Archaeologists have discovered a group of lost cities in Amazon rainforest to Ecuador Which was home to at least 10,000 farmers about 2,000 years ago.

A series of dirt mounds and buried roads in Ecuador were first observed more than two decades ago by archaeologist Steven Rusten. But at the time, “I wasn't sure how it all fit together,” he said, one of the researchers who reported the discovery on Thursday. In the scientific journal Sciences.

Recently, mapping using laser sensor technology revealed that these sites are part of a dense network of settlements and connected roads, hidden in the forested hills of the Andes, that has existed for about 1,000 years. “It was a lost valley of cities,” said Rostin, who is leading the investigation at France's National Center for Scientific Research. “It's unbelievable.”

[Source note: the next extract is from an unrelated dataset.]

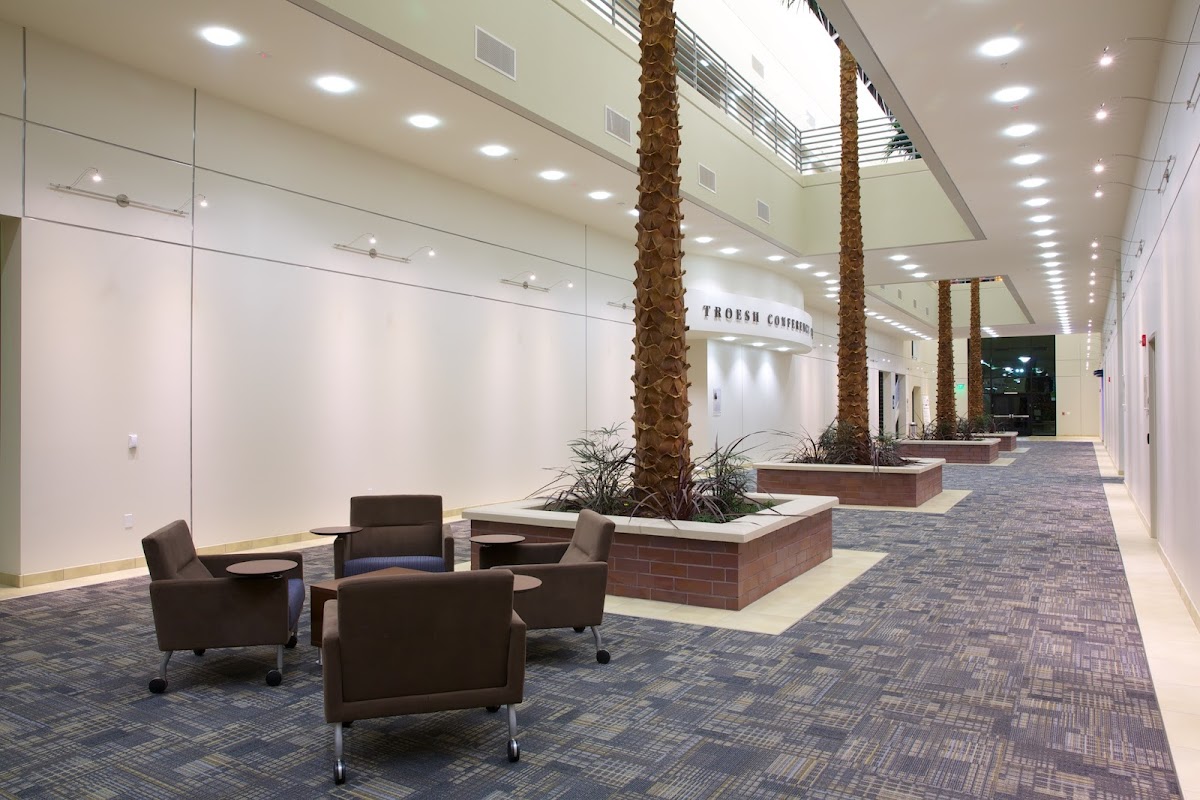 La Sierra University photo 6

The image shows a main street running through an urban area, forming an axis along which rectangular platform complexes are arranged around low plazas at the site of Copueño in the Obano Valley in Ecuador filming: Antoine Dorison and Stephen Rosten via AP

Researchers have discovered that the settlements were occupied by the Obano people between approximately 500 BC and 300 to 600 AD, a period roughly contemporary with the Roman Empire in Europe.

The residential and ceremonial buildings were built on more than 6,000 mounds of land surrounded by agricultural fields and drainage canals. The largest roads were 10 meters wide and extended 10 to 20 kilometers.

Although population size is difficult to estimate, the site was home to at least 10,000 people — and perhaps as many as 15,000 or 30,000 at its peak, said archaeologist Antoine Dorison, co-author of the study, from the same French city. institute. This is similar to the population of London in Roman times, which was then the largest city in Britain.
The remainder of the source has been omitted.